The lighting device according to the present invention is characterized in that a curved surface curved inward is formed at an inner surface portion of the reflection part facing the first opening.

The lighting device according to the present invention is characterized in that the plurality of light sources are arranged in a plurality of rows along an outer side surface of the reflection part, and the reflection part includes a plurality of the first openings for making light enter from each row of the light source.

The lighting device according to the present invention is characterized by including: a substrate on which the light source is mounted on one surface; a reflection sheet with one surface covering another surface of the light guide plate; and a heat dissipation plate being in contact with another surface of the reflection sheet and being wider than the reflection sheet, wherein another surface of the substrate is in contact with the heat dissipation plate.

The liquid crystal display apparatus to the present invention is characterized by a liquid crystal display apparatus including the lighting device according to the description above and a liquid crystal panel displaying an image using light output from one surface of the light guide plate in the lighting device.

The lighting device and liquid crystal display apparatus according to the present application may reduce a loss of light.

BRIEF DESCRIPTION OF SEVERAL VIEWS OF DRAWINGS

FIG. 1 is a perspective view of a liquid crystal panel module seen from the front side.

FIG. 2 is an exploded perspective view of the backlight.

FIG. 3 illustrates the internal structure of the lower end of the backlight.

FIG. 4 is explanatory views for illustrating the procedure of assembling the backlight.

FIG. 5 is explanatory views for illustrating the procedure of assembling the backlight.

FIG. 6 is explanatory views for illustrating the procedure of assembling the backlight.

FIG. 7 is explanatory views for illustrating the procedure of assembling the backlight.

FIG. 8 is explanatory views for illustrating the procedure of assembling the backlight.

FIG. 9 is explanatory views for illustrating the procedure of assembling the backlight.

FIG. 10 is a view for illustrating a path of light output from the reflection member to the light guide plate.

FIG. 11 is a view for illustrating a path of light flux output from the reflection member to the light guide plate.

FIG. 12 is a view for illustrating the internal structure of the lower end of the backlight.

FIG. 13 is a section view illustrating the internal structure of the lower end of the backlight.

DETAILED DESCRIPTION

A liquid crystal display apparatus according to an embodiment of the present application includes a display utilized for a television receiver, an electronic blackboard, a monitor used through connection with a tuner, a monitor used through connection with a desktop computer and a digital signage.

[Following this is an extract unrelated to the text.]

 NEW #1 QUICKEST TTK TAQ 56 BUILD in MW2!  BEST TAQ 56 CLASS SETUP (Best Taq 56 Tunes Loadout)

Moreover, a liquid crystal display apparatus according to an embodiment of the present application includes a display utilized for a tablet computer, a personal digital assistant (PDA) and a mobile phone.

A liquid crystal panel module including a liquid crystal panel and a backlight (lighting device) will be described below as an example of a liquid crystal display apparatus with reference to the drawings illustrating the embodiments thereof.

Embodiment 1

FIG. 1 is a perspective view of a liquid crystal panel module 10 seen from the front side. Here, if a viewer faces a screen 21 on which the liquid crystal panel module 10 in a standing posture displays an image, the side of the viewer on the screen 21 is regarded as a front side or a front surface side whereas the opposite side thereof is regarded as a rear side or a back surface side. The liquid crystal panel module 10 and the screen 21 each forms a horizontally long rectangular shape. When the viewer faces the screen 21, the right side in the long side direction of the screen 21 is regarded as a right side of the liquid crystal panel module 10 whereas the left side in the long side direction of the screen 21 is regarded as a left side of the liquid crystal panel module 10. The upper side in the short side direction of the screen 21 is regarded as an upper side of the liquid crystal panel module 10 whereas the lower side in the short side direction of the screen 21 is regarded as a lower side of the liquid crystal panel module 10.

The liquid crystal panel module 10 includes a liquid crystal panel 20, a frame 30 and a backlight 40 (see FIG. 2).

The liquid crystal panel 20 has the screen 21 on the front side and displays an image on the screen 21. The backlight 40 employs an edge light system in which light emitting diodes (LEDs) are used as a light source.

The frame 30 is formed by combining a bar-like upper rim, two side rims and a lower rim so as to have a rectangular frame shape in the front view. The frame 30 covers the circumferences of the liquid crystal panel 20 and the backlight 40.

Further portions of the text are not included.